The CAP Theorem posits that a stateful distributed system can guarantee at most two of the following properties:

  • Consistency - every read request is guaranteed to either receive the most current data or fail
  • Availability - ability to continue serving requests without the guarantee that the response contains the most current data
  • Partition Tolerance - resiliency in the event of dropped or degraded network communication between nodes

There is no right answer when it comes to selecting which two CAP properties your distributed system will guarantee. It’s all about tradeoffs. If you’re designing a distributed database to store financial transactions for a bank, you’ll want to favor Consistency over Availability in the event of a network partition. The cost of returning incorrect financial information is simply too high.

However, if you’re designing a distributed system to manage a highly available web service deployment, you’ll surely want to choose Availability over Consistency. If some portion of your services is running out of date code or configuration, so be it. At least they’re still serving customer requests instead of errors!

Since Kubernetes is optimized for running resilient, highly available workloads, it chooses Availability. State updates are propagated over time in what is known as eventual consistency. Eventual consistency means that if no new updates are made to a system, then eventually, the system will converge. This means that eventually, all nodes will reflect the most current update and be Consistent. There are no guarantees around how long this “eventually” will take. In the event of a crashed process, it could be less than a second. If a network cable is unwittingly unplugged, it could take days. All that is “guaranteed” is that an eventually consistent system will try to make the desired state of the system into its actual state.

What is Desired and Actual State?

To make this all a bit more concrete, let’s consider a real-world distributed system that we’re all aware of: a household HVAC system.

HVAC system showcasing desired state from the thermostat influencing the furnace and air conditioner

When you set the temperature on the thermostat to 70 degrees, what you’re really doing is requesting that the temperature be 70 degrees. Setting the temperature on the thermostat does nothing on its own. However, the thermostat will work together with the furnace and air conditioner to make this request a reality. In other words, the HVAC system will work to make this desired state (thermostat) into the actual state of your home.

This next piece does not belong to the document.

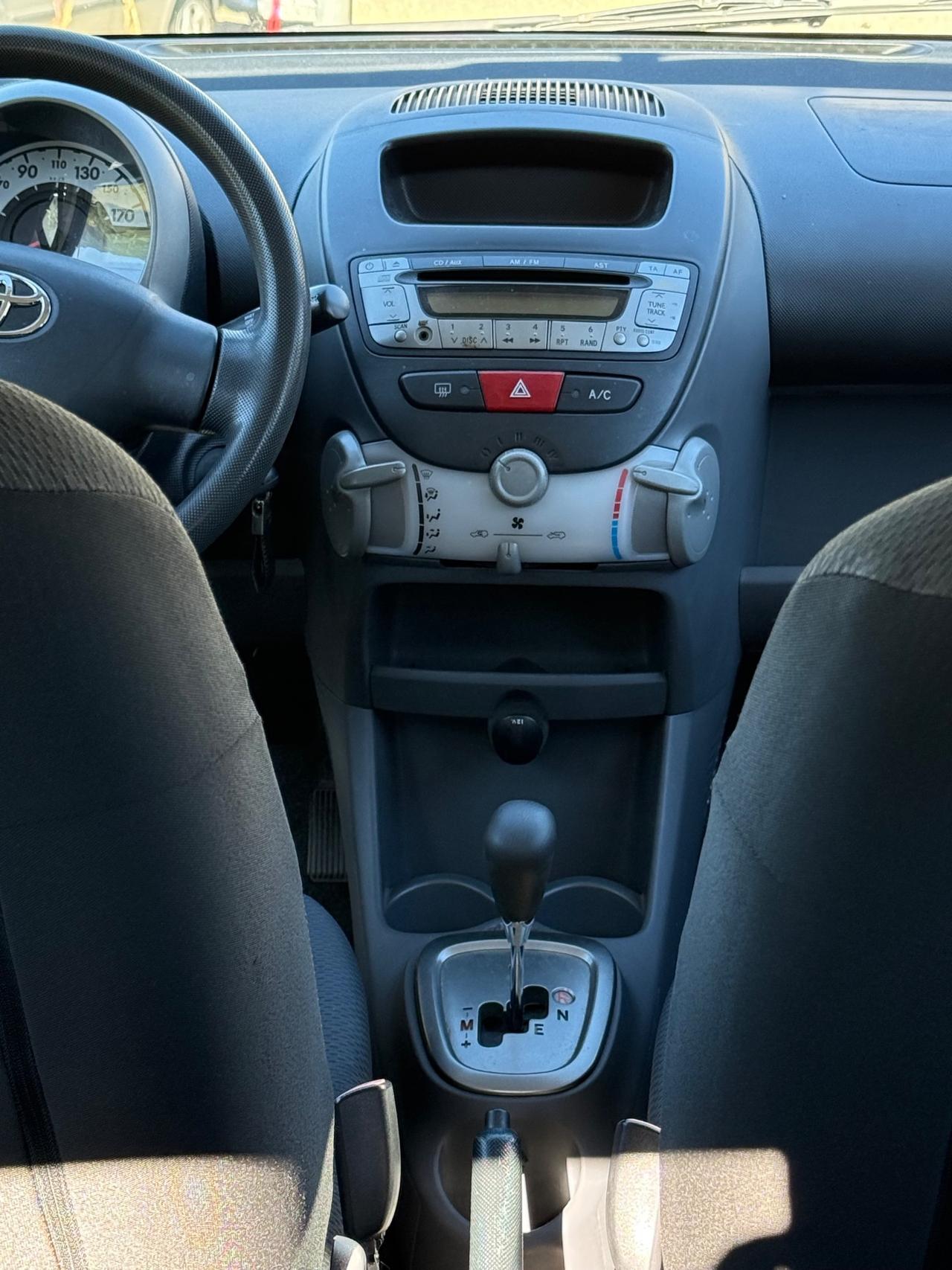 Toyota Aygo 1.0 12V VVT-i 5 porte Sol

If the actual temperature is 65 degrees, the thermostat will turn on the furnace and periodically check to see if the room has reached the desired temperature. Likewise, if the actual temperature is 75 degrees, it will turn on the air conditioner. The thermostat will do this monitoring in perpetuity in what is known as a control loop.

Now let’s consider a “network partition” scenario. The temperature in the room is 75 degrees, and someone has unplugged the air conditioner to save energy. In this case, convergence to 70 degrees could potentially take a very long time. Eventually, though, someone will plug the air conditioner back in (or it will get cold enough outside), and the room will reach its desired temperature. That’s eventual consistency for you!

So, to summarize:

  • Desired State is the state that you want the system to be in
  • Actual State is the state that the system is actually in

A Note on Perceived State

You may have seen references to something called “Perceived State.” I like to think of this as merely being a qualifier on the concept of “Actual State.” Philosophically it’s referring to our inability to distinguish what we can perceive through our senses from “true” reality. Think Plato’s Allegory of the Cave.

Practically, in distributed systems “Perceived State” refers to the imprecision of our measurements and lag time between when the system was measured and when we observe the results. In the HVAC example, you can think of the current temperature reported by the thermostat as being the Perceived State and know that the Actual State may have changed slightly since the temperature was last probed.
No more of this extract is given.